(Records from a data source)
——

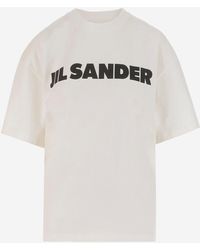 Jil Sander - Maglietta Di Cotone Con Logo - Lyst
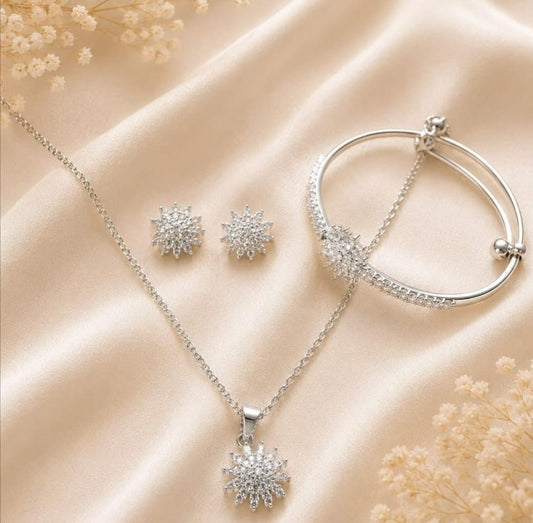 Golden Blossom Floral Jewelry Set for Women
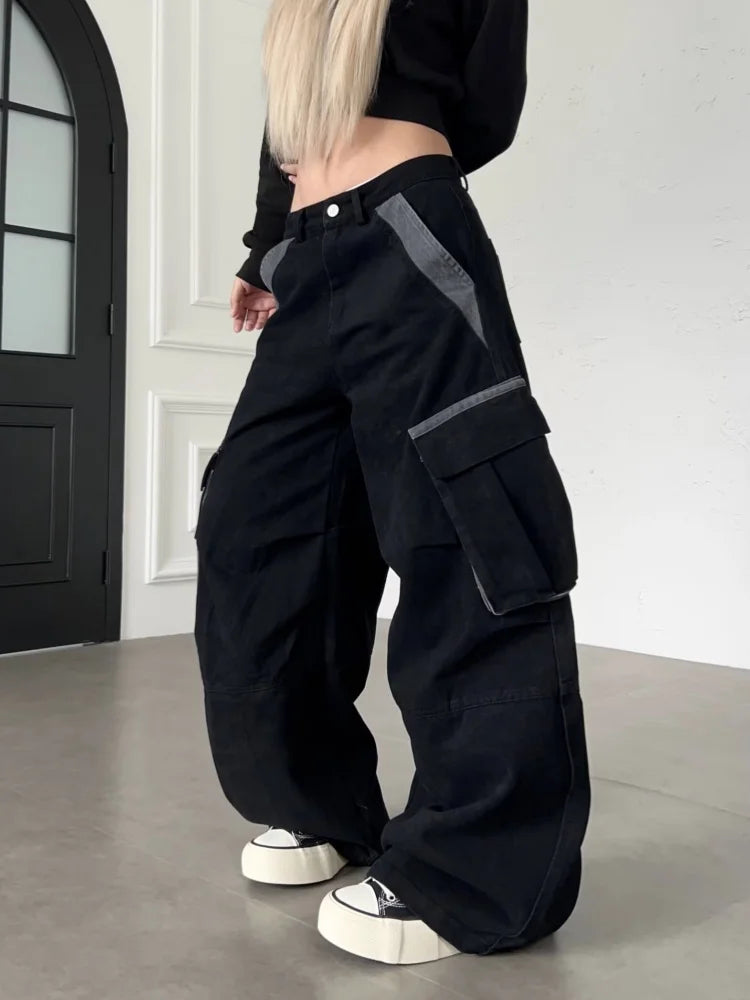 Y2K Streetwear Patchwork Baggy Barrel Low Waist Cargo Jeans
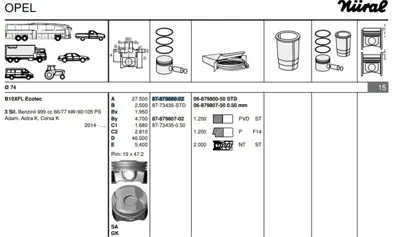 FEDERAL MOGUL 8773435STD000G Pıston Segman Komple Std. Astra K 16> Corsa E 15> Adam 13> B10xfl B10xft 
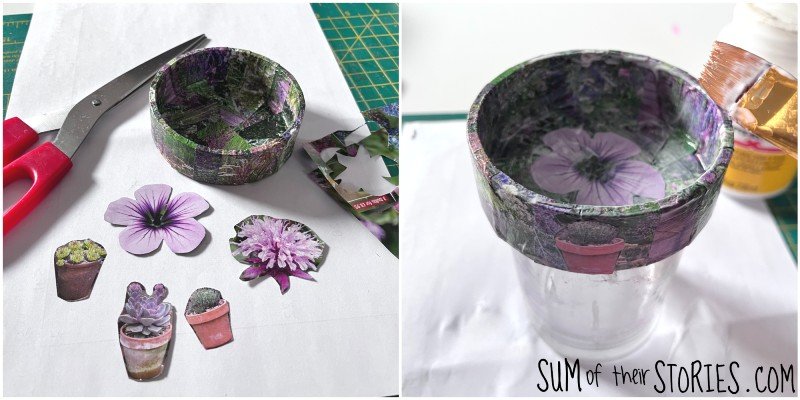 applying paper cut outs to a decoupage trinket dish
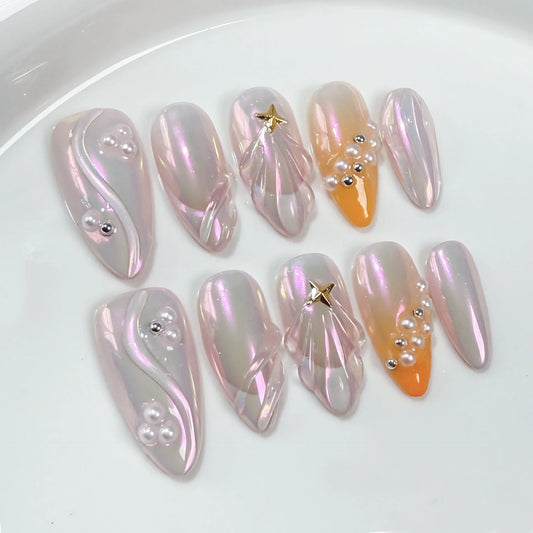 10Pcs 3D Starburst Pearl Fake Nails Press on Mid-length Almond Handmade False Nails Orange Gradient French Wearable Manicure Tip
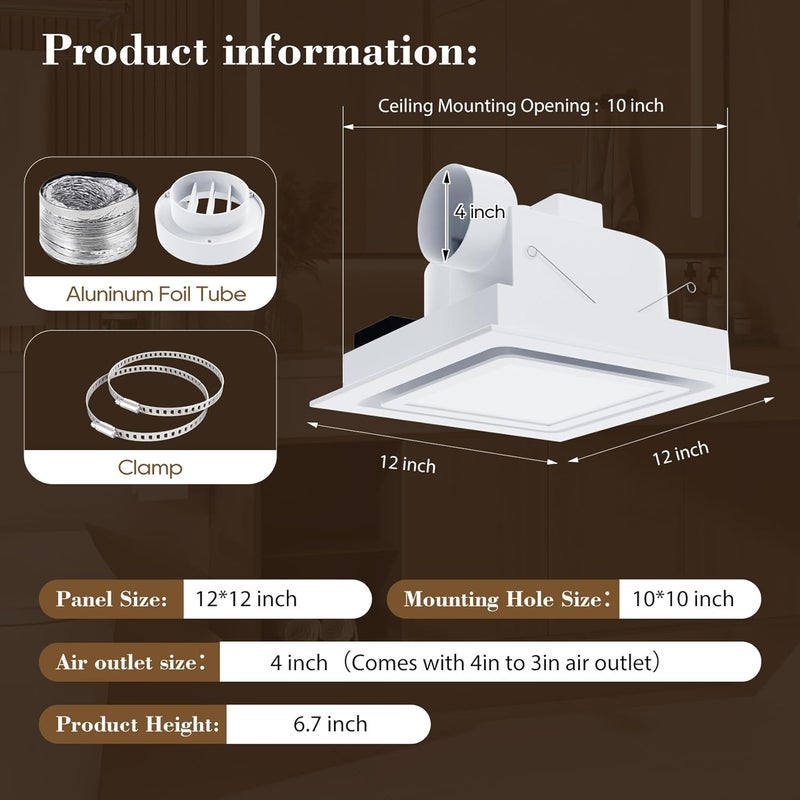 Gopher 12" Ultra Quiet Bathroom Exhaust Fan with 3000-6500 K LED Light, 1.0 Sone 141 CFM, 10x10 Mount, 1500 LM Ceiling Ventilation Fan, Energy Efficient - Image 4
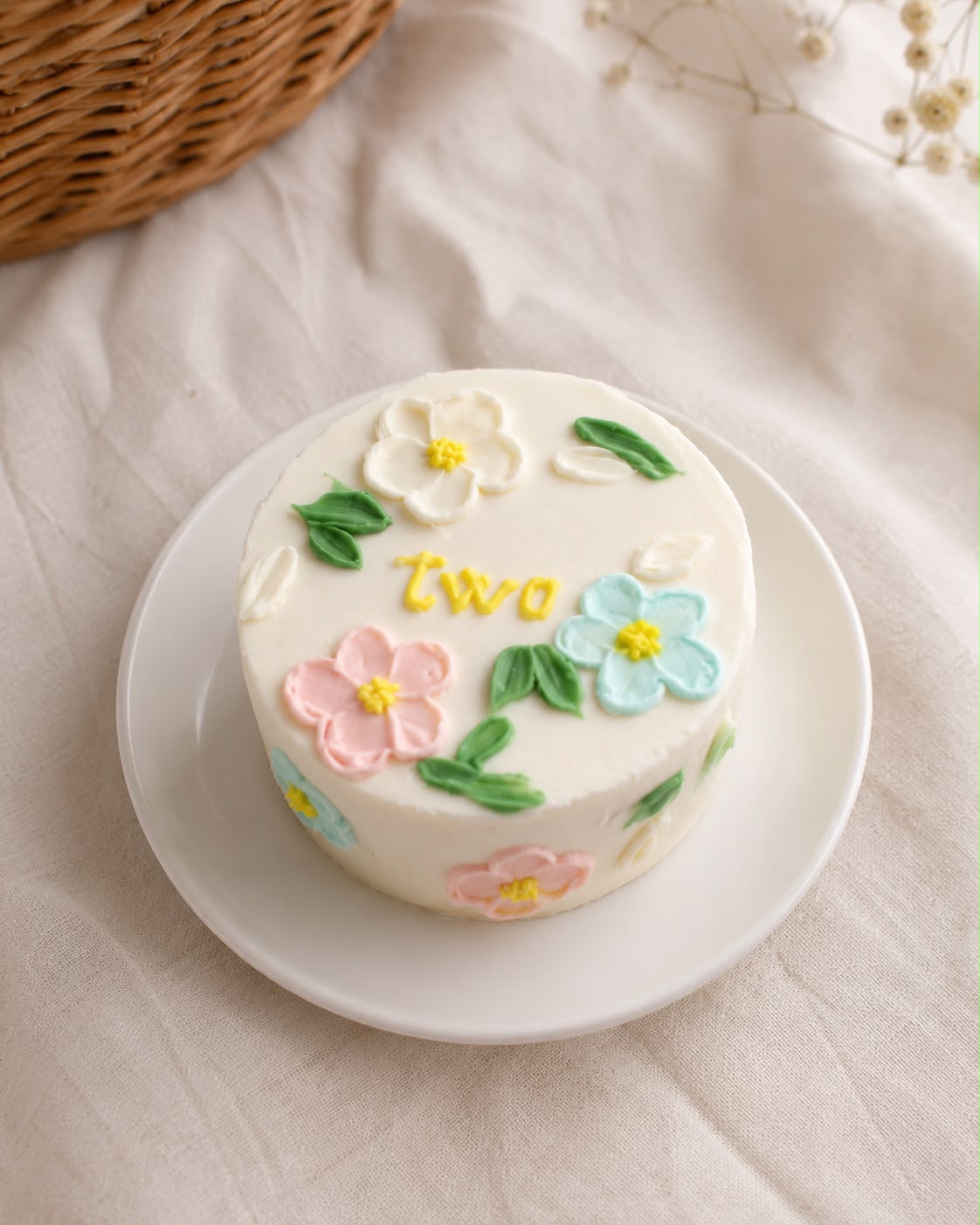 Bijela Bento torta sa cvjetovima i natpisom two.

——

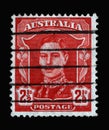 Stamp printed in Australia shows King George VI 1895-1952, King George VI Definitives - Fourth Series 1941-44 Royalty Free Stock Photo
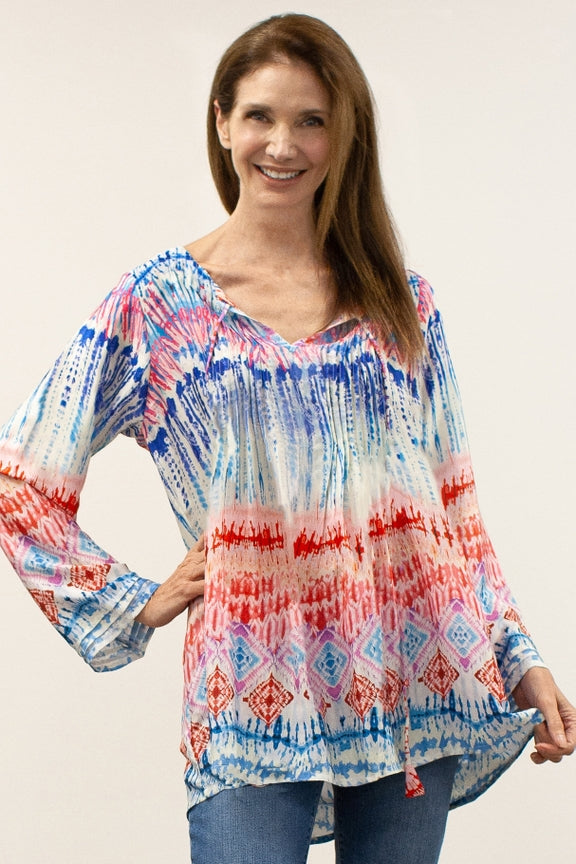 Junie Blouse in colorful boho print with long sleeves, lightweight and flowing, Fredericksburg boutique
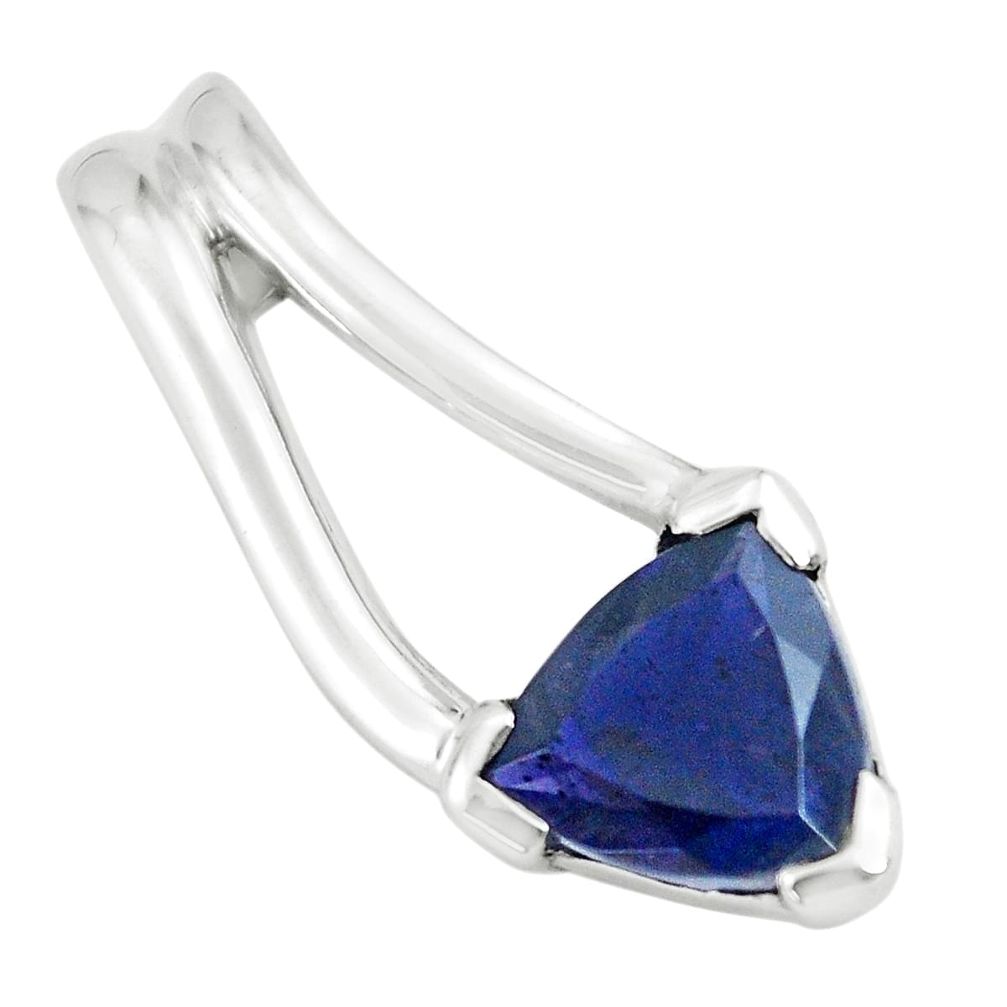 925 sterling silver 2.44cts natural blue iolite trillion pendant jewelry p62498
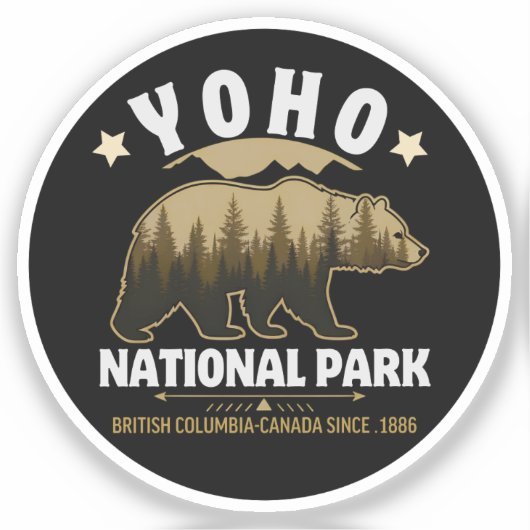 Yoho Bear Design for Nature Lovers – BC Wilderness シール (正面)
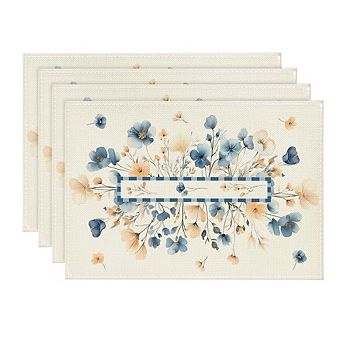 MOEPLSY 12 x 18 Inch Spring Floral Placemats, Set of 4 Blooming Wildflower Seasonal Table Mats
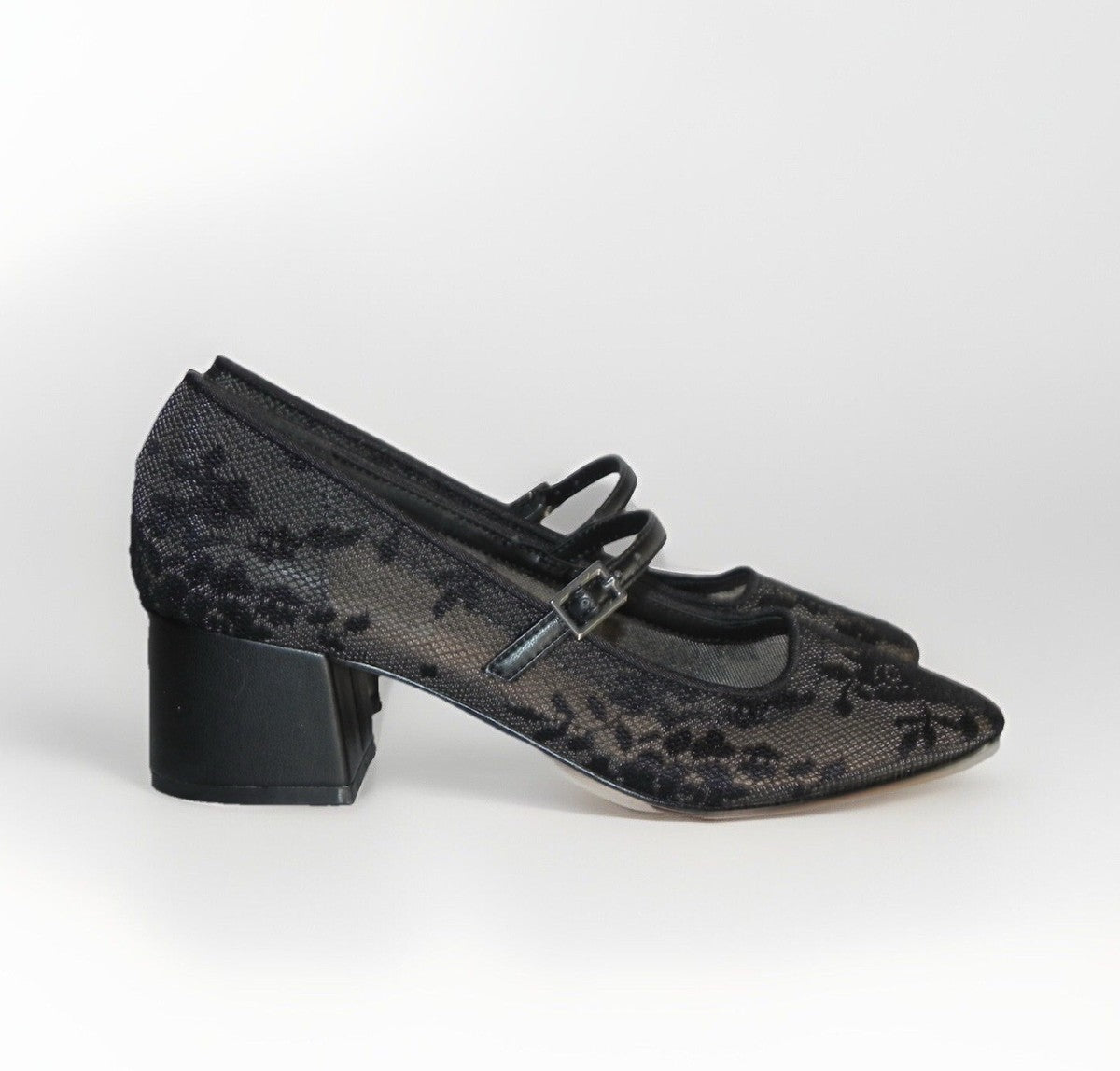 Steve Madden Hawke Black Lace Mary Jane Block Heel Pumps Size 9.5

——

Task instructions
Set down, exactly as written above, each line from the one with "FEDERAL MOGUL 8773435STD000G" through the one with "Bijela Bento torta", and skip the pictures.

Response below
 FEDERAL MOGUL 8773435STD000G Pıston Segman Komple Std. Astra K 16> Corsa E 15> Adam 13> B10xfl B10xft 
 applying paper cut outs to a decoupage trinket dish
 10Pcs 3D Starburst Pearl Fake Nails Press on Mid-length Almond Handmade False Nails Orange Gradient French Wearable Manicure Tip
 Gopher 12" Ultra Quiet Bathroom Exhaust Fan with 3000-6500 K LED Light, 1.0 Sone 141 CFM, 10x10 Mount, 1500 LM Ceiling Ventilation Fan, Energy Efficient - Image 4
 Bijela Bento torta sa cvjetovima i natpisom two.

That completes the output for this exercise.